Réjouissance, ironie et développement durable

La vie révèle quelque fois des ironies savoureuses et offre ainsi des moments de véritable réjouissance. Ainsi, aujourd’hui, j’écoutais un podcast géo-économique, via ma radio-Internet, sur la BBC. Aujourd’hui, le thème portait sur – devinez quoi? – le développement durable, avec un journaliste qui, à partir de données qu’il avait grappillées çà et là, prédisait l’apocalypse, ou même l’enfer (le mot fut plusieurs fois utilisé dans sa forme latine, inferno) pour nos petit-enfants, vers 2100. Bref, nous émettions trop de dioxyde de carbone et trop de particules, nous détruisions trop vite les récifs coralliens, nous mangions trop de viande et il était grand temps de nous mettre au régime écologique, sous peine de nous retrouver dans les flammes de la Géhenne, au sens propre du terme (je pourrai même, comme nous parlons de chaleur, rajouter un h, ce qui donnerait le mot therme issu du grec thermos, c’est-à-dire chaud).
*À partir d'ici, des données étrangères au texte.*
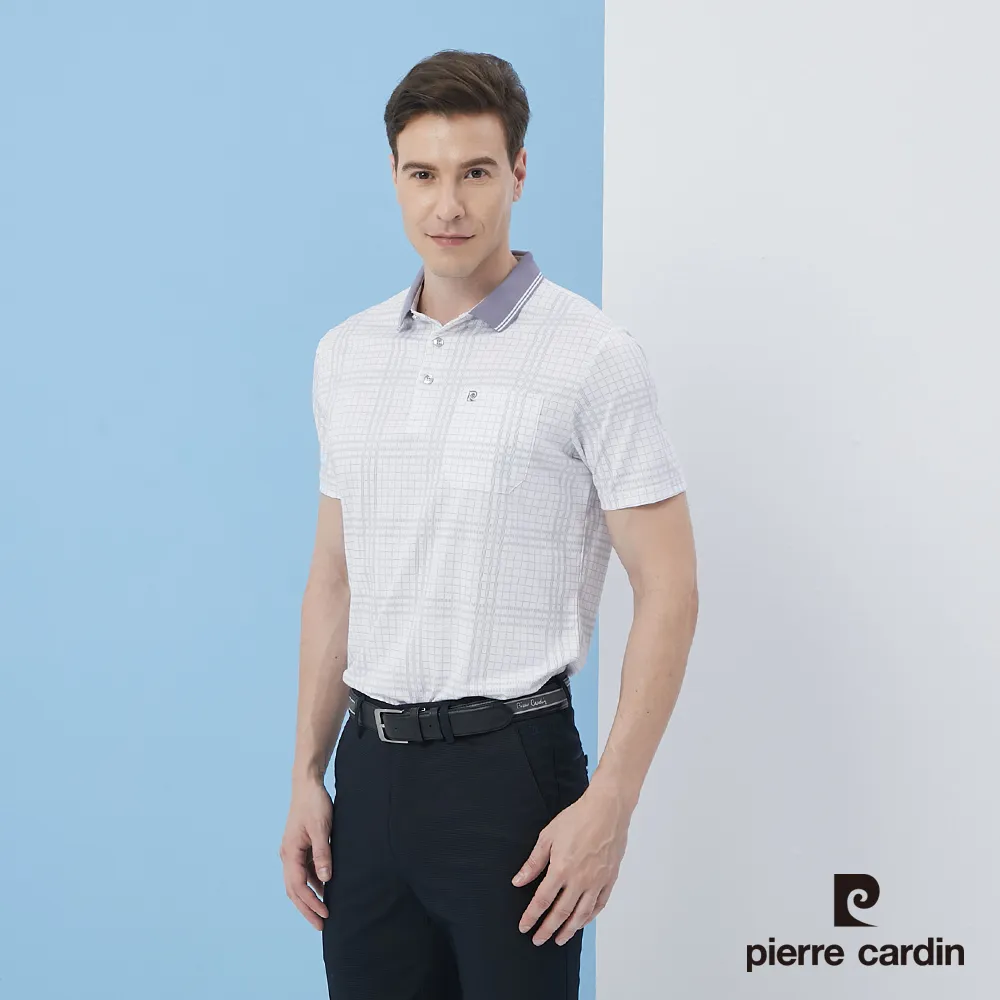 【pierre cardin 皮爾卡登】 男裝印花短袖POLO衫-水藍色 (5217216-35) 歷史價格詳細信息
Et puisque nous parlons de bain public, le journaliste nous prévoyait également, d’ici la fin du siècle, une montée des eaux de cinquante mètres! Cela me fait frémir, surtout quand je pense que les écoles primaires ne donnent plus de cours de natation…

Bien alarmé par ces prévisions apocalyptiques, je décidai d’écouter la publicité que la BBC met, depuis plusieurs semaines, en début de ses émissions sous format de podcasts adapté au radios wifi : grâce à cette excellente station radiophonique, la BBC, je vécus un véritable bonheur ironique : la publicité, destinée à une audience française, promouvait la classe affaires d’une grosse compagnie aérienne franco-néerlandaise. Quoi, pendant une demi-heure, on nous annonce le feu du ciel –  le réchauffement climatique – on nous promet, après l’enseignement aujourd’hui d’une prof de psycho spécialisée dans le développement durable, celui, demain, d’une prof de morale (si, si, vous avez bien lu), juste après nous avoir encouragé à prendre l’avion en classe business!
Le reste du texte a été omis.